昨日、検査結果を妻が持ち帰ってきました。そこには、息子と娘の成長の「差」が、残酷なほどはっきりと記されていました。
双子の息子は「言語発達に問題なし」。
対して娘は、「専門家への相談を推奨」。
毎日一緒に生活していれば、娘の言葉がゆっくりなことも、息子との差が広がっていることも、気づかないはずがありません。妻と話しても「娘の結果は、正直そうだよね」と、二人で納得してはいました。
でも、いざ「診断書」という公的な書類で突きつけられると、娘の将来に対する不安がどっと押し寄せ、視界が少し暗くなるのを感じました。
「比べちゃダメ」という正論の難しさ
双子を授かって痛感したのは、「一番身近な比較対象」が常に隣にいるという過酷さです。
息子が新しい言葉をどんどん覚え、会話が成立していく一方で、娘はまだ言葉の入り口にいる。「比べちゃダメだ」と自分に言い聞かせても、目の前で広がる格差を無視するのは難しく、父親として苦しいものでした。
「この子は大丈夫」と信じたい自分。
でも、「これからますます差が開いたらどうなるんだろう」と焦る自分。
仕事から帰って、元気いっぱいの息子に圧倒されながら、静かな娘をどう救えばいいのか。自分に何ができるのかを自問自答する日々が始まりました。
父親としての「内面の転換」:劣等感の正体
僕は、娘に対する向き合い方を変えることにしました。
正直に告白すれば、これまでの僕は言葉の遅れを「息子より取得が遅い」=「劣っている」という視点で見ていたことに気がついたからです。
だから、そのモノサシを捨てました。
「息子より遅い」ではなく、彼女だけの「熟成した成長のプロセス」だと捉え直すことにしたのです。

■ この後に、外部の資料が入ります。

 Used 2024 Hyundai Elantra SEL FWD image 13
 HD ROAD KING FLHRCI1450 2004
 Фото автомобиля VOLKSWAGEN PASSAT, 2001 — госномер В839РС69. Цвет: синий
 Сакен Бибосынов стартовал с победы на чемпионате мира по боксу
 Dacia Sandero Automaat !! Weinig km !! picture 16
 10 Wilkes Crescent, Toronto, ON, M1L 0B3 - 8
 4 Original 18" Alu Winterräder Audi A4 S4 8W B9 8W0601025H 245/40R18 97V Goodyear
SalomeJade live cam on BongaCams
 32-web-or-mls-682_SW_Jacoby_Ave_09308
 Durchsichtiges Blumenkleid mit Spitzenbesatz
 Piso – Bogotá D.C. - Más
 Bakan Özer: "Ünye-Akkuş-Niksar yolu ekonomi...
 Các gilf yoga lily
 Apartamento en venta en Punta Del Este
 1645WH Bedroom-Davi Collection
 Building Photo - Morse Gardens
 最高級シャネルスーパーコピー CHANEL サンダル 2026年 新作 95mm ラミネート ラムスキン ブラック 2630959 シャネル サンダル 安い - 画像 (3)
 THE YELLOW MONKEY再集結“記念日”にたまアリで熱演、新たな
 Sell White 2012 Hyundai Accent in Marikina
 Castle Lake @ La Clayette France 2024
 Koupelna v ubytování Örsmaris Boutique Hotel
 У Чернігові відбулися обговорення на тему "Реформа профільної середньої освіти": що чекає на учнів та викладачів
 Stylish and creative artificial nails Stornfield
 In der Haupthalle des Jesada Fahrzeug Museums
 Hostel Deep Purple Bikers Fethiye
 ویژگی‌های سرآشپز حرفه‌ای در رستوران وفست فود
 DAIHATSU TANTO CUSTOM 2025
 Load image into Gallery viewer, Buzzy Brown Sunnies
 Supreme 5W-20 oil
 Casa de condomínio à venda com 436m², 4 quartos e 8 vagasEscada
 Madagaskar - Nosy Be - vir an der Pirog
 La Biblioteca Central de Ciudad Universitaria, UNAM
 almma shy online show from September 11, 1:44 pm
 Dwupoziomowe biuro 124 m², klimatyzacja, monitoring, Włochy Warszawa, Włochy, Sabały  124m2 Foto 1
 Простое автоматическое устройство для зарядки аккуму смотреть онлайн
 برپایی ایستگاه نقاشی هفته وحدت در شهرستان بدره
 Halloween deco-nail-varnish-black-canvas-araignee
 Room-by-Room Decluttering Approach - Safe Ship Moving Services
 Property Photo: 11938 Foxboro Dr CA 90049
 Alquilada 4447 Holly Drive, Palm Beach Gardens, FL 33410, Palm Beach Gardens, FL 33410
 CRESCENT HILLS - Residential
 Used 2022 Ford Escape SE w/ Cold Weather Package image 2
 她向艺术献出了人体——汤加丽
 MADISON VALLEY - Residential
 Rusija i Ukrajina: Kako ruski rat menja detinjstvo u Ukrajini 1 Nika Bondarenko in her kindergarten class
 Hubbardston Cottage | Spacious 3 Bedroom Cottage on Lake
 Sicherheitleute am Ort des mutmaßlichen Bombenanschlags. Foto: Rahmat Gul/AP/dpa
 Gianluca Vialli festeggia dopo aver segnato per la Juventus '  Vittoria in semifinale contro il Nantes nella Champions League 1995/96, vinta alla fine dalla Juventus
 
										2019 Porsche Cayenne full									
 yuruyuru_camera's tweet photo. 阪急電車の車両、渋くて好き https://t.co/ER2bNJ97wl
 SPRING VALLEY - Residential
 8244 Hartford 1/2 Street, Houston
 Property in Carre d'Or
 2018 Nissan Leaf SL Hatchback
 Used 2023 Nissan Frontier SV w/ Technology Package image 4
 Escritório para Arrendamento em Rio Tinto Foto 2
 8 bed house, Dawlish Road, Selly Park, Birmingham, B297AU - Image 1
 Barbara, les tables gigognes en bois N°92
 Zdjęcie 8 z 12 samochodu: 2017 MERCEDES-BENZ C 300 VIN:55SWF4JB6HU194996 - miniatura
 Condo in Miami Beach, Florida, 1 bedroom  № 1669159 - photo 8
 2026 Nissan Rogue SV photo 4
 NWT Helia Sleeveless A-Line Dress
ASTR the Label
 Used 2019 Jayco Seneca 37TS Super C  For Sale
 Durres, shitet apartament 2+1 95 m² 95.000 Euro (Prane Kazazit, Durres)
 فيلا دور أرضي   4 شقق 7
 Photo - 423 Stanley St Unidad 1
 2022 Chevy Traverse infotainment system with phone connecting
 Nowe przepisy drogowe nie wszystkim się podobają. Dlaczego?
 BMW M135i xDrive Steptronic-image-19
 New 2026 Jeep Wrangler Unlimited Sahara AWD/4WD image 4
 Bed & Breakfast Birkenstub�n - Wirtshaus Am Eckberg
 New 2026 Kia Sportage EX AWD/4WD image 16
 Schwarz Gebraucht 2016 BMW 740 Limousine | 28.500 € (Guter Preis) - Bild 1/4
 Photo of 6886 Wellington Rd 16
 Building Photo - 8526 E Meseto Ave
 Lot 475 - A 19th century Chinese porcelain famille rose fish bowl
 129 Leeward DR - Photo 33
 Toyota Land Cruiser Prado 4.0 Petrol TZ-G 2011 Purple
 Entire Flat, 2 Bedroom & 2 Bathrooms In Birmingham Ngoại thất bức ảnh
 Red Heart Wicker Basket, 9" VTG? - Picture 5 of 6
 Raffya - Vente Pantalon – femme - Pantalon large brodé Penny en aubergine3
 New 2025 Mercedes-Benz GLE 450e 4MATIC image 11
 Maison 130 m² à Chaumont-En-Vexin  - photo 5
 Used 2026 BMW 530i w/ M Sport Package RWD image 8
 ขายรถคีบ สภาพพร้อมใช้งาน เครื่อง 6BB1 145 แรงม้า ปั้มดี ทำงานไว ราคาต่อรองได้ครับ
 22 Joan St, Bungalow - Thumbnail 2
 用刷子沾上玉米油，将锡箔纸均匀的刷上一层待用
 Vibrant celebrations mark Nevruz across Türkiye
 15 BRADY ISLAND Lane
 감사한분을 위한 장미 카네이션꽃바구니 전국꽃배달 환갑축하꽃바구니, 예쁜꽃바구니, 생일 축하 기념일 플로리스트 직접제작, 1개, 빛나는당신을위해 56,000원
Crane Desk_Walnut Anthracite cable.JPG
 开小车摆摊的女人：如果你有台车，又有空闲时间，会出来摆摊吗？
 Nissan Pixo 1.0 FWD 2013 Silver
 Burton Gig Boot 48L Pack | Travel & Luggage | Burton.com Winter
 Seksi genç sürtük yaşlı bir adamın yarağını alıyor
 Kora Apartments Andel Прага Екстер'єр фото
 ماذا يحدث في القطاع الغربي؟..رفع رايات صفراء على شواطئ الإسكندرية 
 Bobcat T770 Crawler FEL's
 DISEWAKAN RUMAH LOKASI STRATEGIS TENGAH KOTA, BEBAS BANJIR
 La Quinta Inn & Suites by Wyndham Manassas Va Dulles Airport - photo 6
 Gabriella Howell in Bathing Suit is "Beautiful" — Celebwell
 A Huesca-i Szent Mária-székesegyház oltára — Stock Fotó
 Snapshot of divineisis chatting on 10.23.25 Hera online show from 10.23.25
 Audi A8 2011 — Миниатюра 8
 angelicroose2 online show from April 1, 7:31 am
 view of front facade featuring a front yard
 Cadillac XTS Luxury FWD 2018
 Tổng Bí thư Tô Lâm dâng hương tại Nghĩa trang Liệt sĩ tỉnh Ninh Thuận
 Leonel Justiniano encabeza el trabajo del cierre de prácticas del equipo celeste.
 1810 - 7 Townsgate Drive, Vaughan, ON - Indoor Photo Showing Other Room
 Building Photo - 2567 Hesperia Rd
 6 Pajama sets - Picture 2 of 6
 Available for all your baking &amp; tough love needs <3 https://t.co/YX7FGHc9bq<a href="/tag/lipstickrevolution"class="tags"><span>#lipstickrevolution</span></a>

息子は「広場」を一直線に駆け抜けているけれど、娘は同じ「広場」に向けて、息子が通った道を一歩ずつ丁寧に踏み締めて歩いている。ただそれだけ。遅いのではなく、丁寧なだけ。そう思うと、昨日より一歩前へ進んでいる彼女の姿が、愛おしく見えてきました。
父親の役割は、言葉を教え込む「先生」になることではありません。
彼女が「パパに何かを伝えたい」と思ったその瞬間に、世界で一番の理解者としてそこにいること。そう心に決めました。
【実践】朝晩の数時間でできる「5つのアクション」
仕事と育児に追われる毎日、育児書を読み漁る時間なんてありません。
そこで僕は、今の不安を隠さずAIに相談しました。専門的な知見を借りながら、「平日の朝晩」という限られた時間でも実践できるリストを構築したのです。
- 「5秒の沈黙」というプレゼント
問いかけた後、あえて5秒待つ。彼女が言葉を紡ぎ出すための「余白」をパパが作る。 - 否定せず、正しい音で「上書き」
「ブブー」と言ってもいい。「そうだね、バスだね」と正しい音を添えて返すだけ。 - 1回10秒、膝をついて「目線を合わせる」
立ったままではなく、彼女の目線の高さまで腰を下ろす。これが今、僕が最も大切にしていることです。 - 「わかっていること」を全力で褒める
喋れなくても「お靴持ってきて」が伝わったら大成功。理解している自信を育てる。 - 「非言語」を最高の対話として受け止める
指差しや表情で伝えてくれたら、「教えてくれてありがとう!」と言葉で感謝を伝える。
劇的な変化はない、でも「笑顔」があった
すでに「3番:目線を合わせる」は始めています。
帰宅してすぐ、まず娘と目を合わせて「ただいま」と伝える。すると、彼女は「抱っこして」と言わんばかりの笑顔で近づいてきてくれます。僕は彼女を全力で抱きしめ、言葉にならない彼女の気持ちを丸ごと受け止めるようにしています。
もちろん、明日から急に喋り出すわけではありません。
でも、膝をついて向き合ったとき、「おかえり」という言葉はなくても、娘は本当に嬉しそうに、パパを見て笑ってくれるようになりました。
このブログを書きながら、娘の笑顔を思い出しています。
彼女は今、パパと心が通じ合う瞬間を全力で楽しんでいる。
不安になっていたのは、僕だけだったのかもしれません。
子育てに後悔したくない。
そのためには、双子を「セット」で見るのではなく、一人ひとりに丁寧に向き合うこと。騒がしく走り回る息子にも、静かに待っている娘にも、「パパは君を見ているよ」というサインを送り続けたい。
同じように、つい我が子を誰かと比べて自分を責めてしまうお父さんへ。
完璧じゃなくていい。まずは膝をついて、目線を合わせて、笑い合うことから始めてみてください。
その10秒が、子供たちの、そして僕たち父親の確かな成長に繋がっていくはずです。